Edith Durham

Mary Edith Durham ( born December 8, 1863 in London, † November 15, 1944 ibid ) was a British Balkan travelers, illustrator and writer.

Life

Mary Edith Durham was born as the first of nine children of the English doctor to Queen Victoria, Arthur Edward Durham, and one originating from Scotland Mother in London. After the completion of the Royal Academy of Arts, she made illustrations for books at the University of Cambridge. Exhausted from caring for their seriously ill mother, she drove her doctor's advice to Montenegro. There, Durham discovered her love of writing and traveling. Over the next twenty years she traveled among other things Albania, Bosnia, Serbia, Macedonia and Dalmatia. Your travelogue High Albania on their expeditions to the northern Albanian mountains, which was still almost unknown territory until then, is regarded as her most famous work.

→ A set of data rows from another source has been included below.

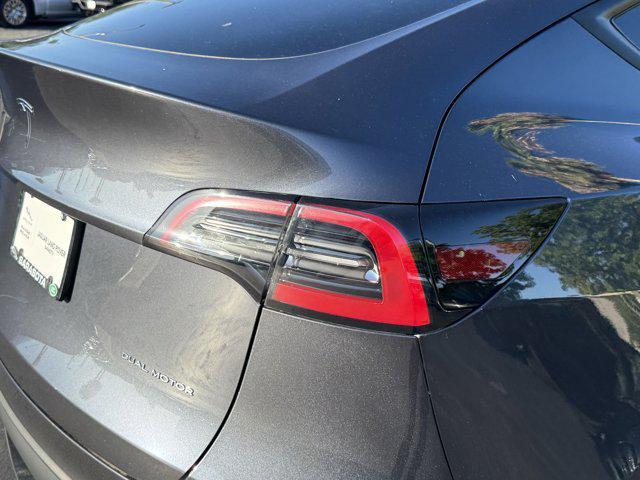 used 2024 Tesla Model Y car, priced at $35,894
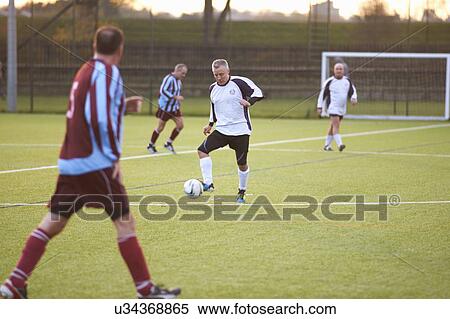 Football player with possession of ball View Large Photo Image Stock Photography - Football player with possession of ball. Fotosearch
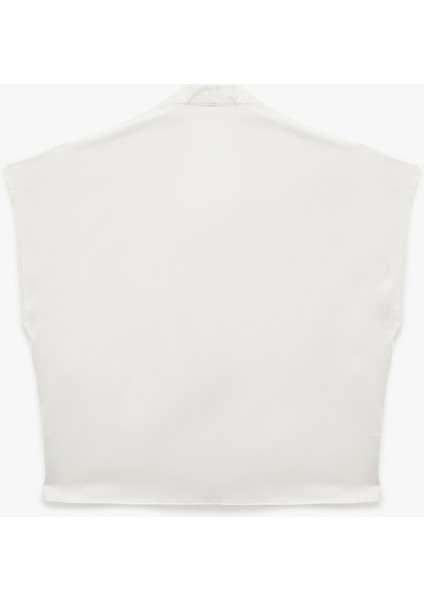 Regular Fit Dökümlü Drapeli Kolsuz Kruvaze Bluz fiyatları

The British developed in the course of their numerous visits to an informed expert on the region. For British newspapers they wrote reports and soon political commentary about the Balkans and became a close confidant of the Montenegrin King Nikola I Petrović Njegoš. During the Balkan Wars, they also strove for the suffering civilian population. Later she took repeated the word for the interests of the Albanians, as these sought to gain independence.

Works (selection)

Honor

In her honor, was named a main thoroughfare in downtown Shkodras in northern Albania in Rruga Edith Durham. On Qafa e Thores in the Albanian Alps, the Queen of the Highlanders ( Mbretëresha Malësoreve e ) a monument was erected.